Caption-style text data
_ _ _ _ _

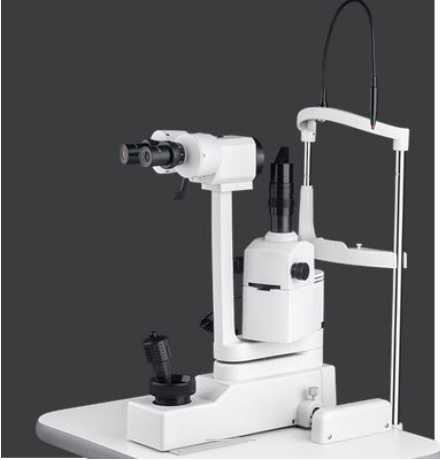 BL-2000裂隙燈顯微鏡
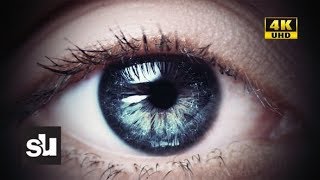 After Effects Template: Blink Of The Eye After Effects Template: Blink Of The Eye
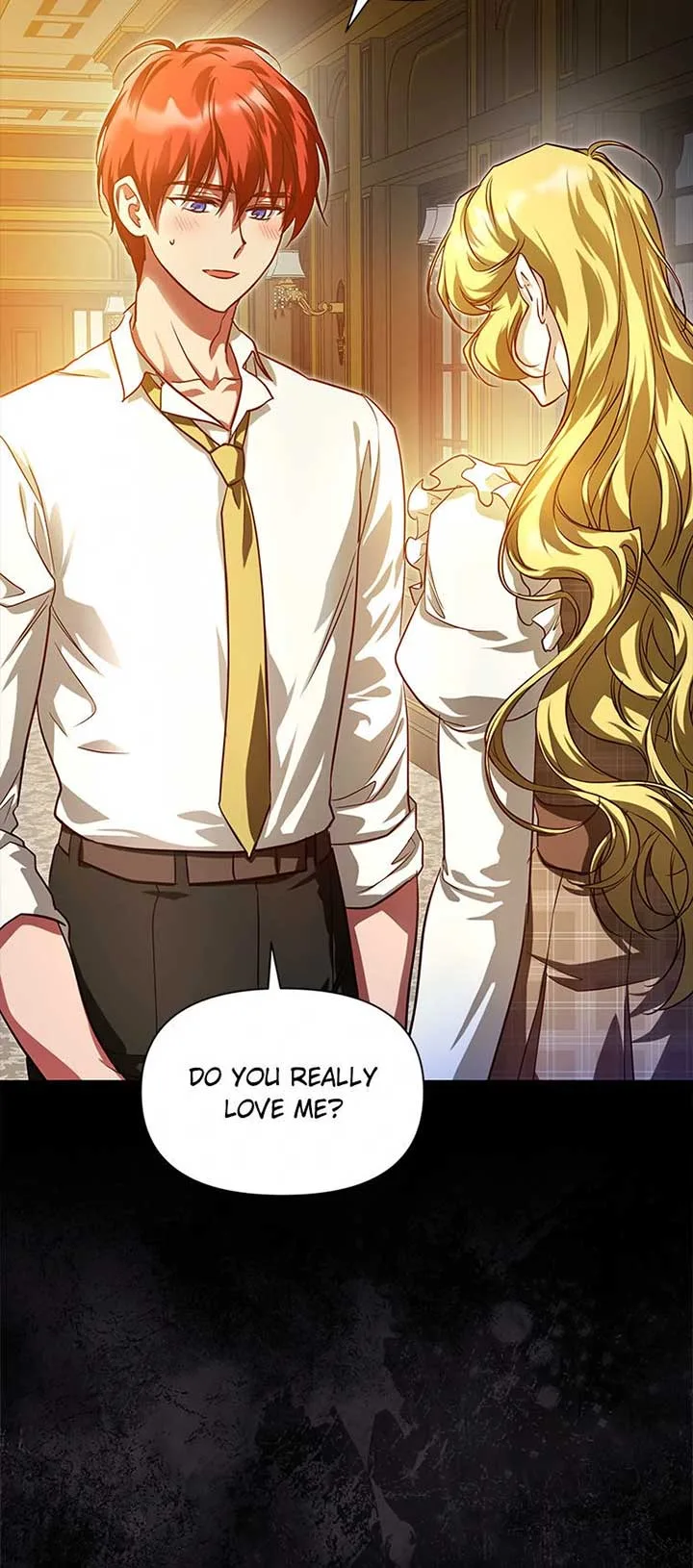 Finding My Father’s Son Chapter 99 page 50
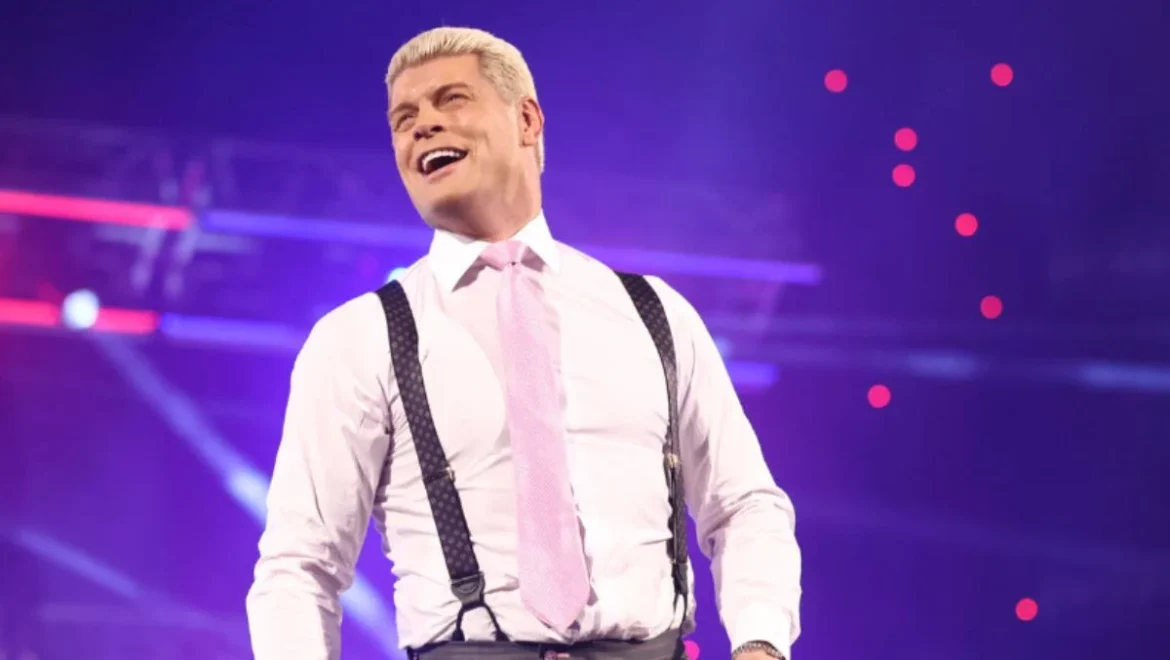 The Unyielding Quest: Matt Cardona’s World Championship Ambition Ignites with Cody Rhodes’ Endorsement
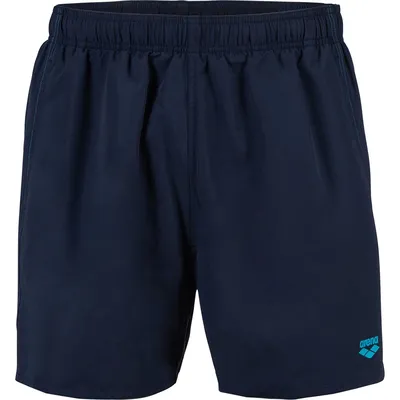 Arena FUNDAMENTALS BOXER R – Navy / Türkis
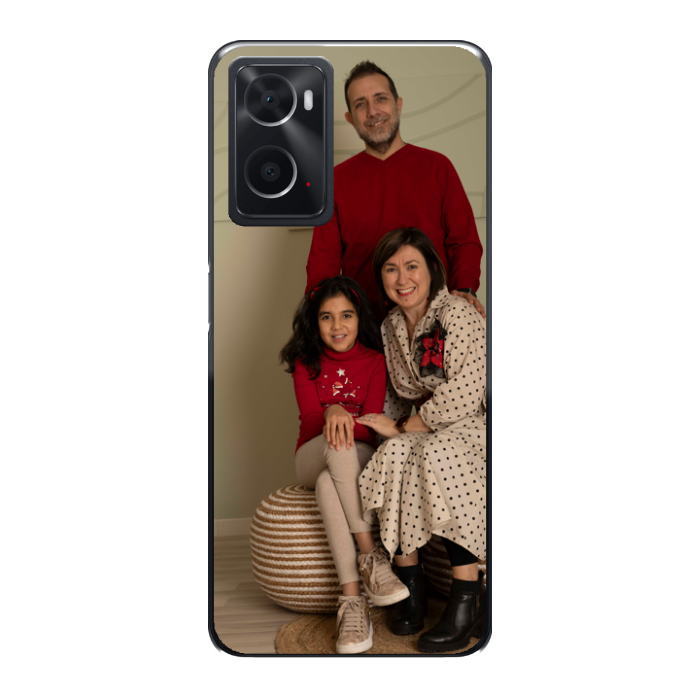 Cover personalizzata Oppo A96 4G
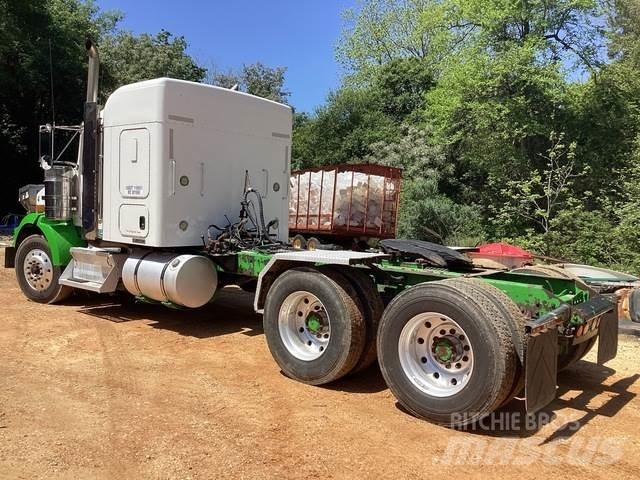 Kenworth T800 Tegljači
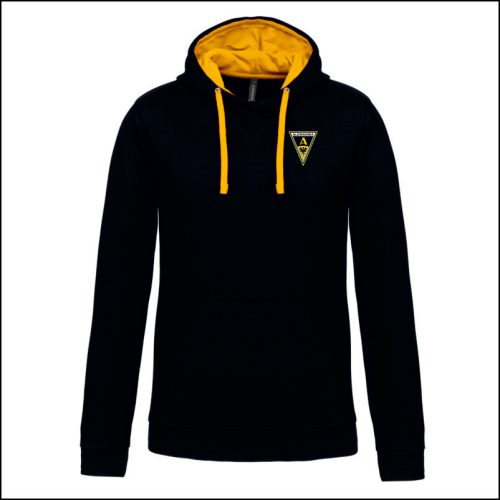 Alemannia Hoodie Wappen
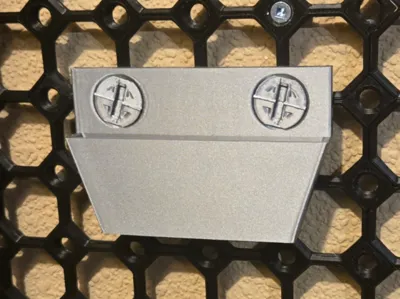 Multiboard Pizza/Pie Server Holder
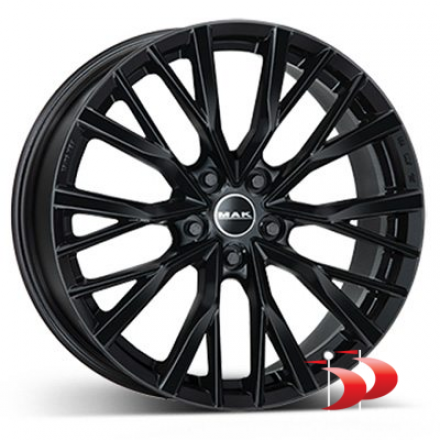 Ratlankiai MAK 5X112 R19 8,0 ET34 Mark B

_ _ _ _ _

Every line of the data above should be returned exactly, with the pictures removed.

> [REPLY TO THE EXERCISE]:
 BL-2000裂隙燈顯微鏡
 After Effects Template: Blink Of The Eye After Effects Template: Blink Of The Eye
 Finding My Father’s Son Chapter 99 page 50
 The Unyielding Quest: Matt Cardona’s World Championship Ambition Ignites with Cody Rhodes’ Endorsement
 Arena FUNDAMENTALS BOXER R – Navy / Türkis
 Cover personalizzata Oppo A96 4G
 Kenworth T800 Tegljači
 Alemannia Hoodie Wappen
 Multiboard Pizza/Pie Server Holder
 Ratlankiai MAK 5X112 R19 8,0 ET34 Mark B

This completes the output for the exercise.